If you don’t have the time to wait for your organic marketing to kick in, paid search can get your products and services in front of viewers sooner. In fact, pay-per-click is the best way to ensure that consumers will see your brand first on the SERP as long as you have the right mechanisms in place. If you want to see faster results with paid marketing, you will need to consistently optimize your ads, adhere to AdWords best practices, create an effective landing page, and work with a competitive marketing budget.

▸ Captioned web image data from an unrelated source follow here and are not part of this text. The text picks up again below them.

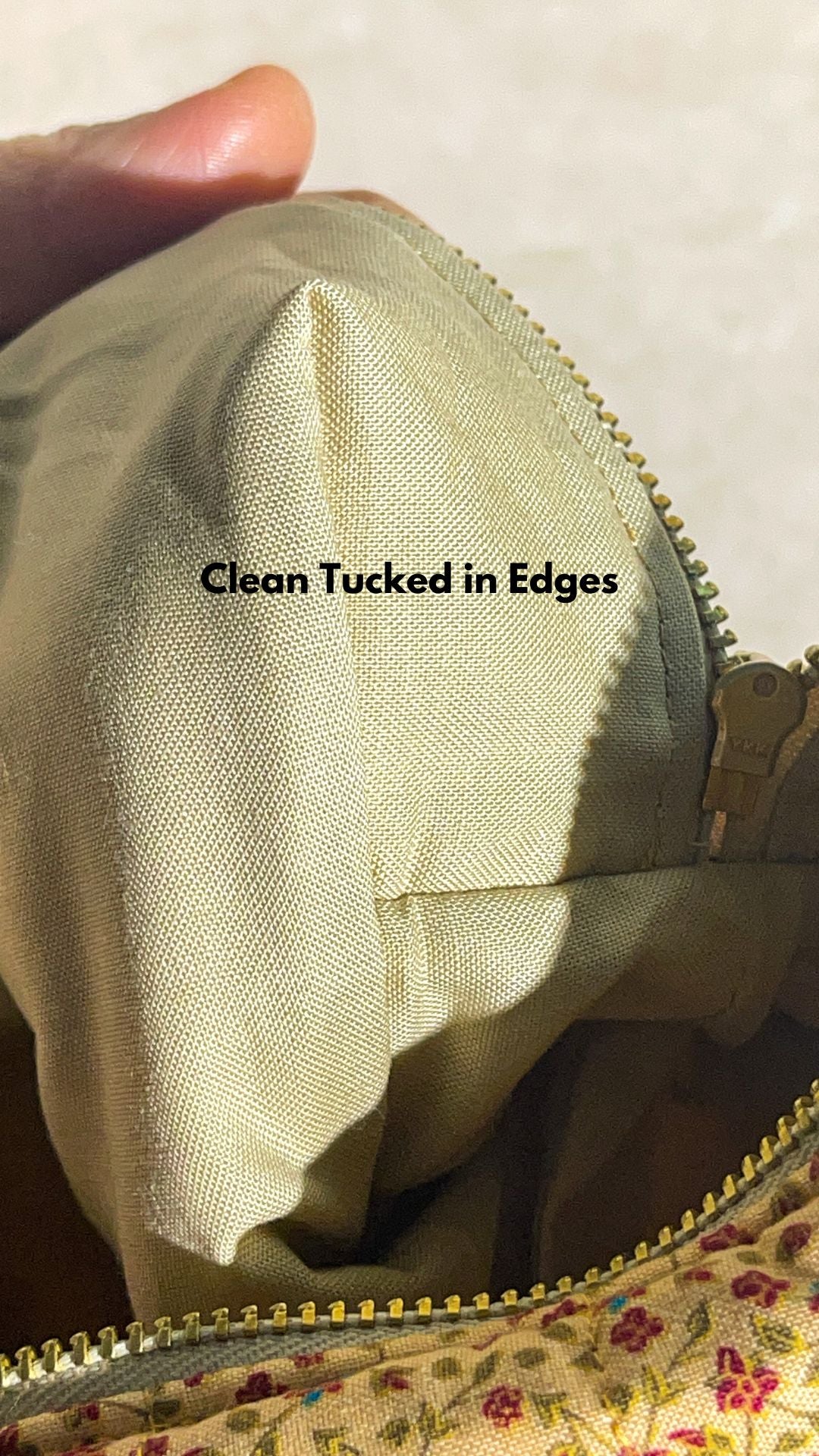 closeup view of the handmade sustainable quilted mustard yellow cotton boxy pouch, highlighting the gold zipper detail.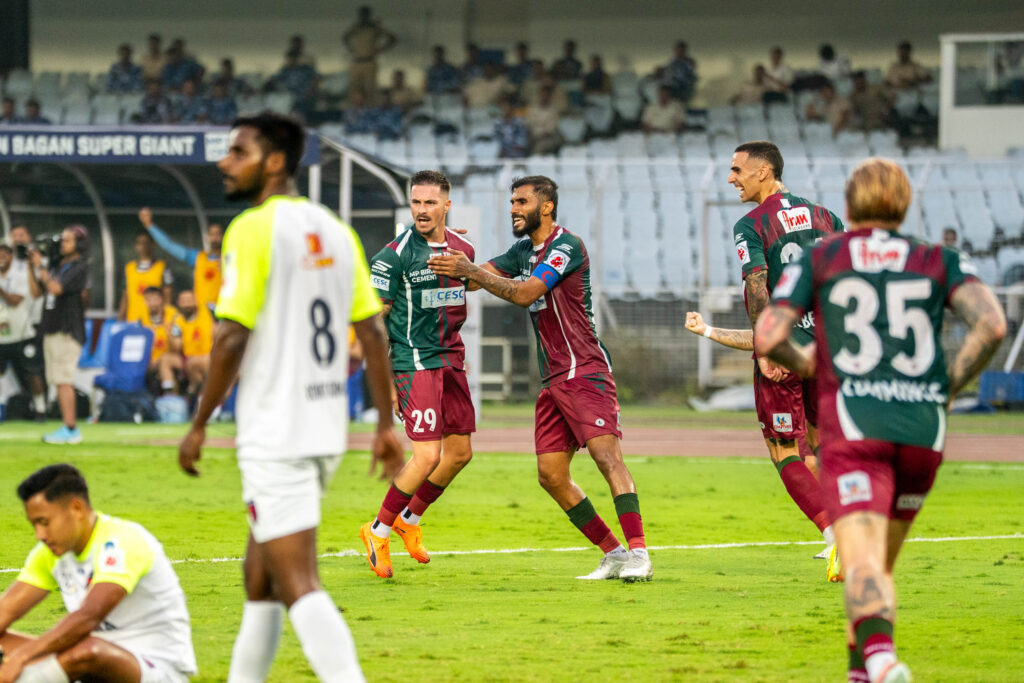 McLaren celebrating after scoring his 2nd goal 
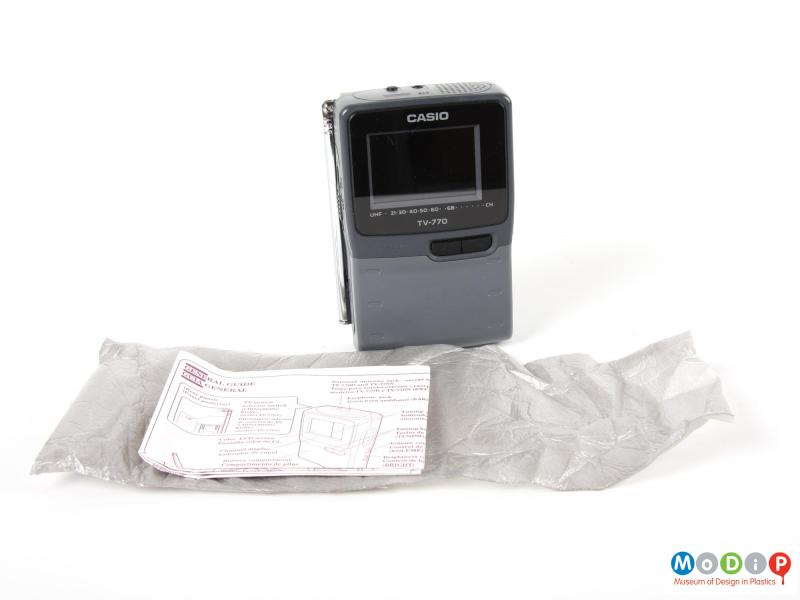 Front view of a Casio portable TV showing the instruction booklet and part of the packaging.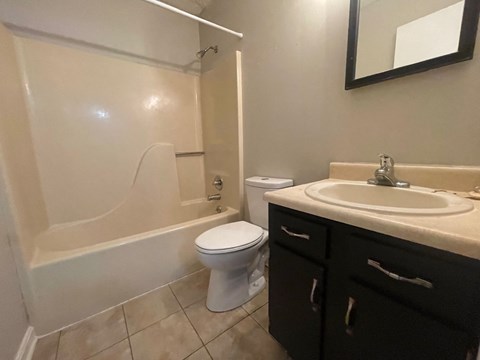 a bathroom with a sink toilet and a bath tub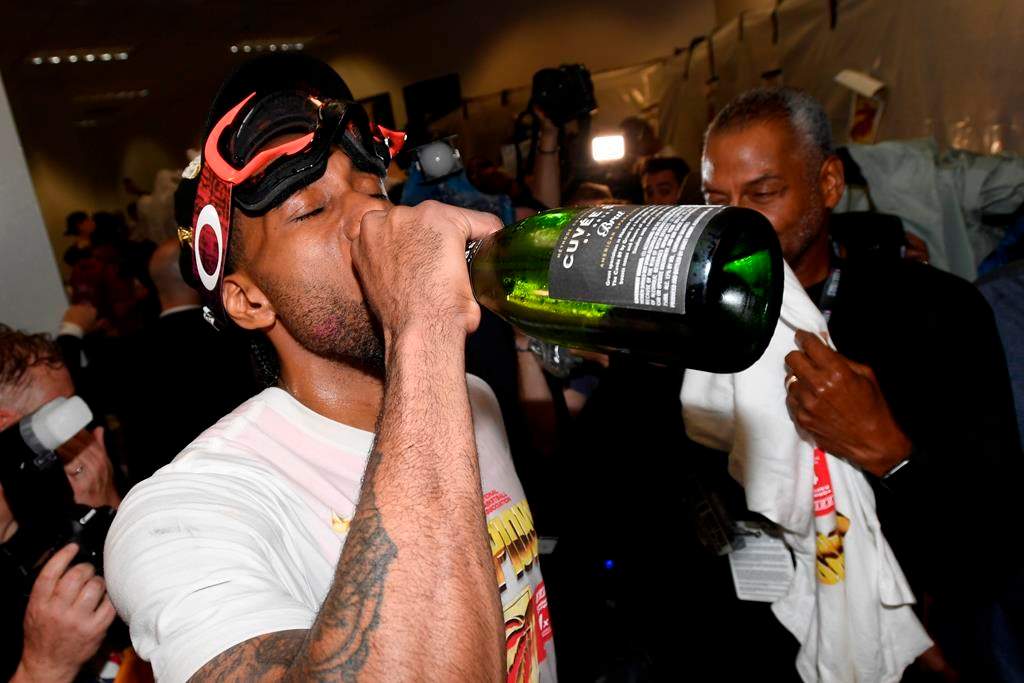 Toronto Raptors forward Kawhi Leonard (2) drinks champagne as he celebrates defeating the Golden State Warriors and winning the Larry O’Brien NBA Championship Trophy after Game 6 basketball action in Oakland, Calif. on Thursday, June 13, 2019.
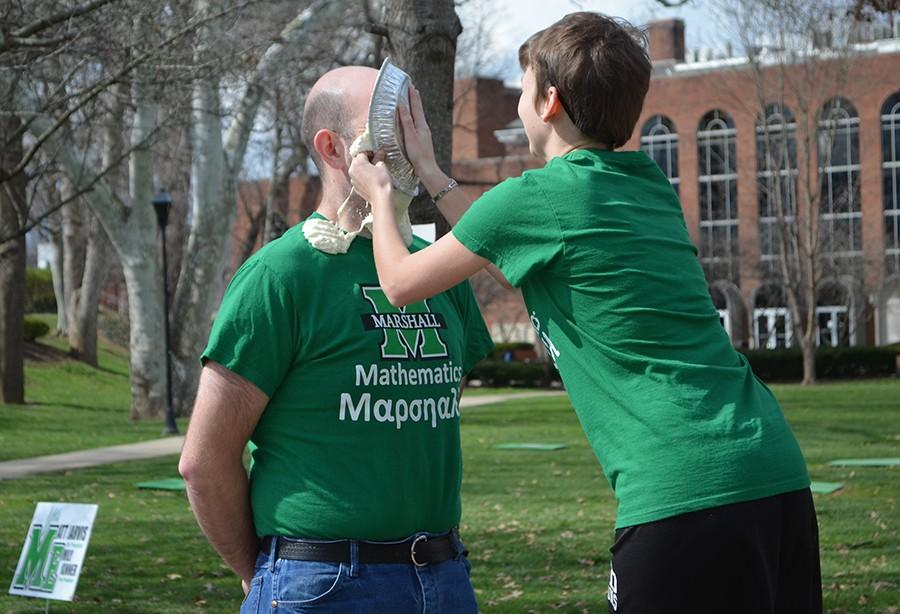 Kiersten Looney, treasurer of the Thundering Nerds, pies the face of Michael Schroeder, assistant professor of mathmatics, during Pi Day celebration Monday at Buskirk Field.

4. Organic marketing is content-driven.
Search engines like Google are popular and essential because people trust them to provide the information they need when they need it. Google earns that trust by consistently delivering relevant, high-quality content to its users on the SERP. In order to continue to provide the best search results possible for its users, Google requires that companies provide high-quality content that demonstrates a high level of expertise, authoritativeness, and trustworthiness. Brands that want to show up in the organic search results need to focus on quality content that’s relevant and helpful to consumers.

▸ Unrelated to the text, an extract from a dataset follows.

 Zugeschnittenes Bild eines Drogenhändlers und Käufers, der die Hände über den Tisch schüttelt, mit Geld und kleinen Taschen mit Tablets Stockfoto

Benefits of Organic Marketing vs. Paid Marketing
So which is better – organic marketing or paid marketing?
Isn’t that the digital marketing rivalry of the decade?
But don’t be too quick to take sides. This isn’t another us versus them debate. There are enough of those in the world right now.
Deciding whether to focus on organic vs. paid comes down to your business goals. So as we explore the benefits of both organic and paid marketing, consider your own business needs and how each fits into your overall plan.
Benefits of Paid Marketing
Here are just a few of the benefits that paid marketing can provide businesses of any size:
1. With paid, you can build brand awareness from nothing.
If no one knows about your small business, getting noticed feels like trying to push a two-ton boulder up a hill. You can’t get new customers because you don’t have any customers who can vouch for your ability to deliver on your promises. You have no visibility.
A paid marketing campaign helps expand reach and increase brand awareness fast.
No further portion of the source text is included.